Re: Sharing Memory across Map task [multiple cores] runing in same machine

2008-09-05 Thread Owen O'Malley
On Fri, Sep 5, 2008 at 12:59 AM, Amit Kumar Singh
<[EMAIL PROTECTED]>wrote:

> Can we use something like RAM FS to share static data across map tasks.


As others have said, this won't work right. You probably should look at
MultiThreadMapRunner,
which uses a thread pool to process the inputs. It is typically used for
crawling or other map methods that take long times per a record. If you have
substantial work inside the map, you can saturate CPUs that way. Of course
the downside is that you have a single RecordReader feeding you inputs, so
you are limited by the reading speed of a single HDFS client.

-- Owen


Re: Sharing Memory across Map task [multiple cores] runing in same machine

2008-09-05 Thread Devaraj Das

Hadoop doesn't support this natively. So if you need this kind of a
functionality, you'd need to code your application in such a way. But I am
worried about the race conditions in determining which task should first
create the ramfs and load the data.
If you can provide atomicity in determining whether the ramfs has been
created and data loaded, and if not, then do the creation/load, then things
should work. 
If atomicity cannot be guaranteed, you might consider this -
1) Run a job with only maps that creates the ramfs and loads the data (if
your cluster is small you can do this manually). You can use distributed
cache to store the data you want to load.
2) Run your job that processes the data
3) Run a third job to delete the ramfs.


On 9/5/08 1:29 PM, "Amit Kumar Singh" <[EMAIL PROTECTED]> wrote:

> Can we use something like RAM FS to share static data across map tasks.
> 
> Scenario,
> 1) Quadcore machine
> 2) 2 1-TB Disk
> 3) 8 GB ram,
> 
> Now Ii need ~2.7 GB ram per Map process to load some static data in memory
> using which i would be processing data.(cpu intensive jobs)
> 
> Can i share memory across mappers on the same machine so that memory
> footprint is less and i can run more than 4 mappers simultaneously
> utilizing all 4 cores.
> 
> Can we use stuff like RamFS
> 




Sharing Memory across Map task [multiple cores] runing in same machine

2008-09-05 Thread Amit Kumar Singh
Can we use something like RAM FS to share static data across map tasks.

Scenario,
1) Quadcore machine
2) 2 1-TB Disk
3) 8 GB ram,

Now Ii need ~2.7 GB ram per Map process to load some static data in memory
using which i would be processing data.(cpu intensive jobs)

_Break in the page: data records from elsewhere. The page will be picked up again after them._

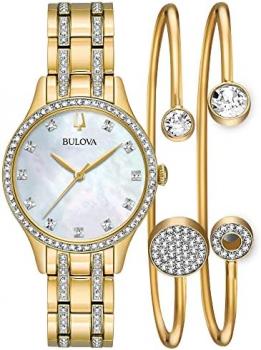 Bulova Ladies' Crystal Accented Gift Set with 3-Hand Quartz Watch and Flexible Bangle Bracelets, Mother-of-Pearl Dial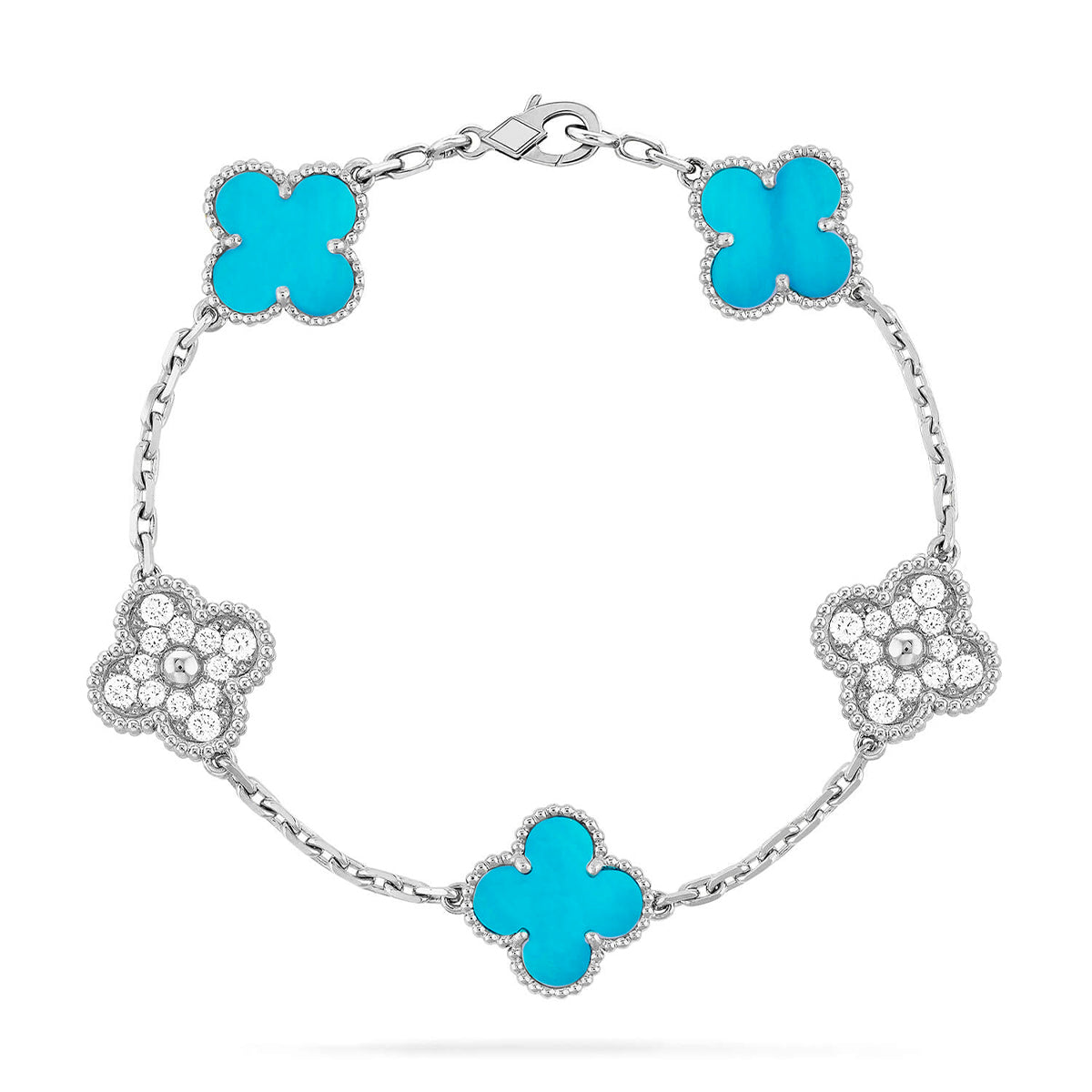 [⭐JeweliWhal] CLOVER 5 MOTIF TURQUOISE BRACELET COLLECTION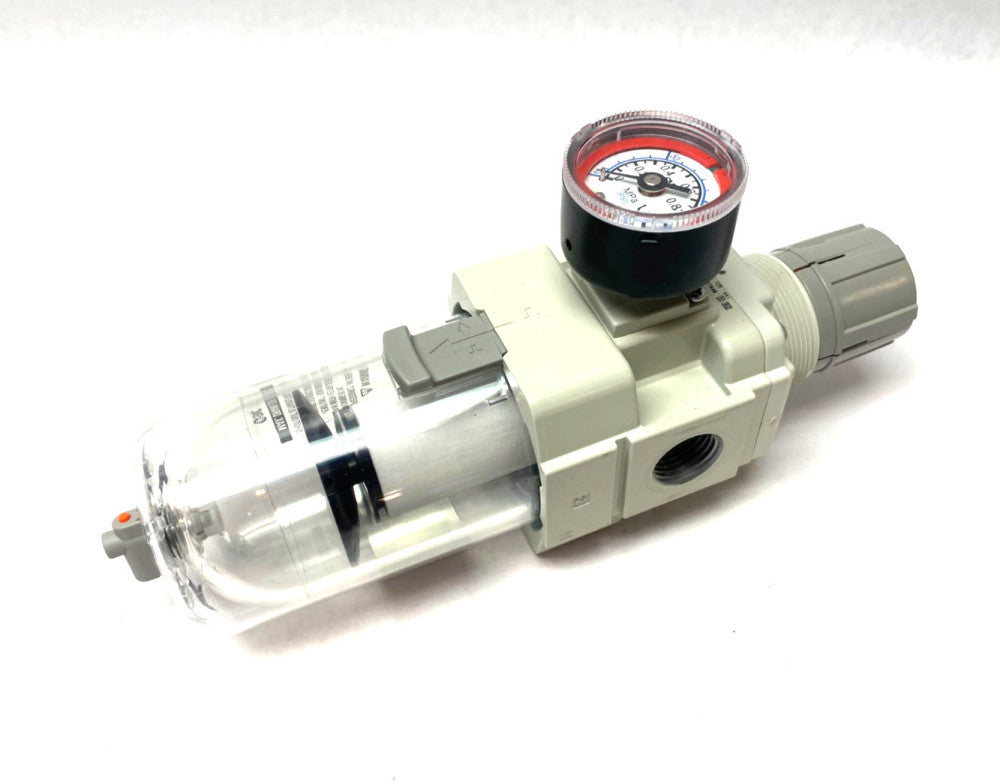 SMC AW40-N04-Z-B Modular Filter Regulator w/ Gauge 7-125psi Set Press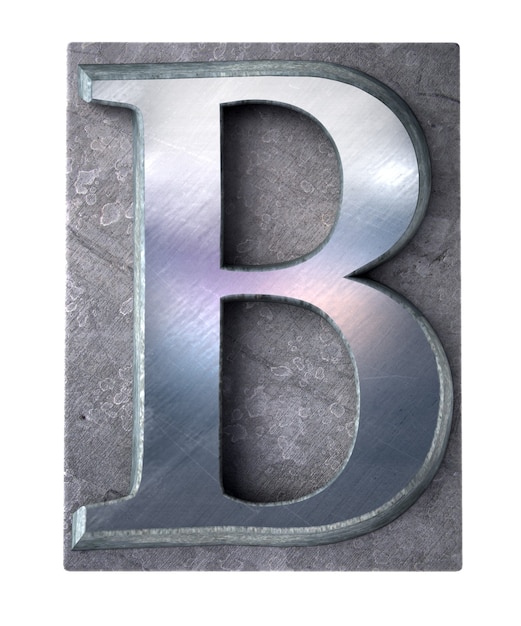 Renderização 3d de uma letra b maiúscula em impressão datilografada metálica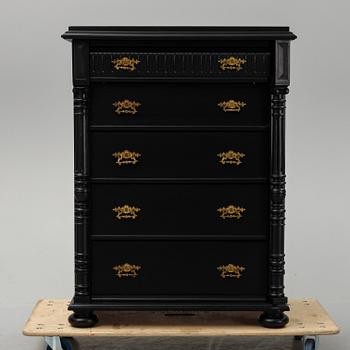 A painted chest of drawers, circa 1900.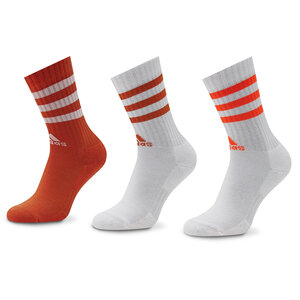 3 pairs of unisex high socks adidas - 3-Stripes IC1324 White/Preloved Red/Solar Red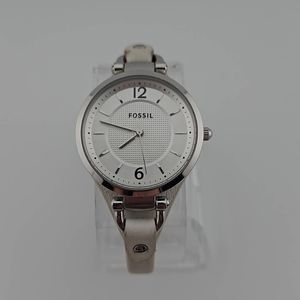 Fossil Georgia White Dial White Leather Ladies Watch New Battery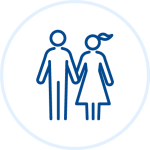 Illustration of man and woman holding hands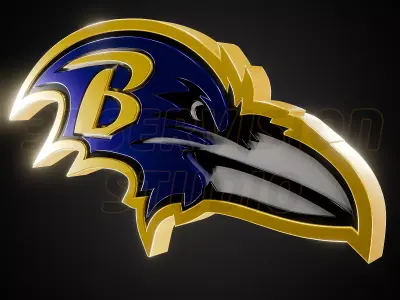 Baltimore Ravens logo - Cinematic - 3D print 3D model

Can i share memory across mappers on the same machine so that memory
footprint is less and i can run more than 4 mappers simultaneously
utilizing all 4 cores.

Can we use stuff like RamFS



Sharing Memory across Map task [multiple cores] runing in same machine

2008-09-05 Thread Amit Kumar Singh
Can we use something like RAM FS to share static data across map tasks.

Scenario,
1) Quadcore machine
2) 2 1-TB Disk
3) 8 GB ram,

Now Ii need ~2.7 GB ram per Map process to load some static data in memory
using which i would be processing data.(cpu intensive jobs)

Can i share memory across mappers on the same machine so that memory
footprint is less and i can run more than 4 mappers simultaneously
utilizing all 4 cores.

Can we use stuff like RamFS